> PROVIDED RECORDS
Start of Block
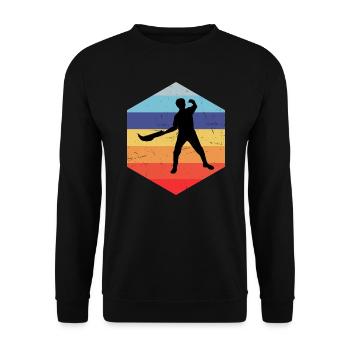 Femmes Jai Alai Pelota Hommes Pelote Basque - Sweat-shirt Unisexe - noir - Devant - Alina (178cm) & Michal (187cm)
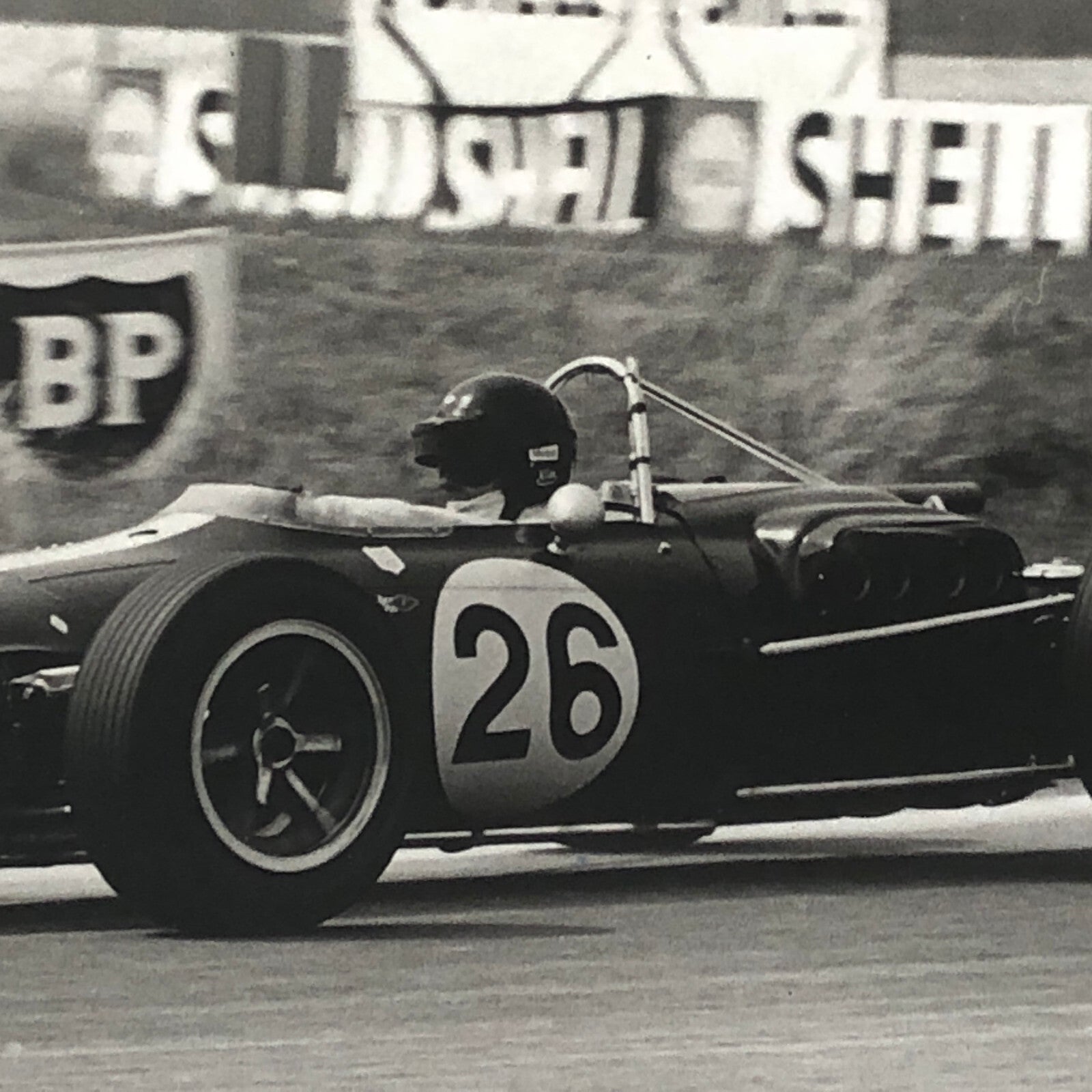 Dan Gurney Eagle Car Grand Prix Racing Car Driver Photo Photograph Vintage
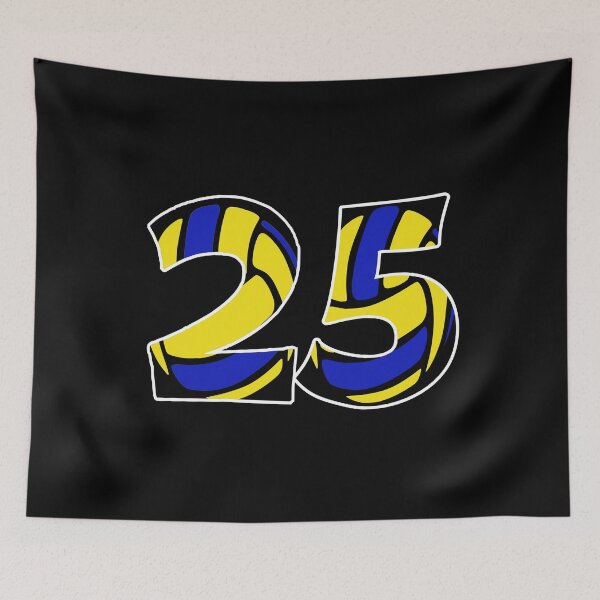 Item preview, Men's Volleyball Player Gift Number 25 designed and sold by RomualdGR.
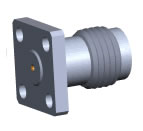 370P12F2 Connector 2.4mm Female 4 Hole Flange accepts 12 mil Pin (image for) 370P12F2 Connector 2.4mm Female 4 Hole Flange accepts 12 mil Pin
End of Block
Start of Block
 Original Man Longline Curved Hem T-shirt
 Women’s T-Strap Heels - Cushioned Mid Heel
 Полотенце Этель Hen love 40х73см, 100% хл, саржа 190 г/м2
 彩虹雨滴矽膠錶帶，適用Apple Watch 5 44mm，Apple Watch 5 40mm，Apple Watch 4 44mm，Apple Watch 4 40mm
End of Block
> EXERCISE DESCRIPTION
Set the pictures aside and reproduce exactly the lines above, from the line holding "Femmes Jai Alai" through the line holding "mil Pin (image", both included, with nothing else.

> YOUR SOLUTION
 Femmes Jai Alai Pelota Hommes Pelote Basque - Sweat-shirt Unisexe - noir - Devant - Alina (178cm) & Michal (187cm)
 Dan Gurney Eagle Car Grand Prix Racing Car Driver Photo Photograph Vintage
 Item preview, Men's Volleyball Player Gift Number 25 designed and sold by RomualdGR.
 370P12F2 Connector 2.4mm Female 4 Hole Flange accepts 12 mil Pin (image for) 370P12F2 Connector 2.4mm Female 4 Hole Flange accepts 12 mil Pin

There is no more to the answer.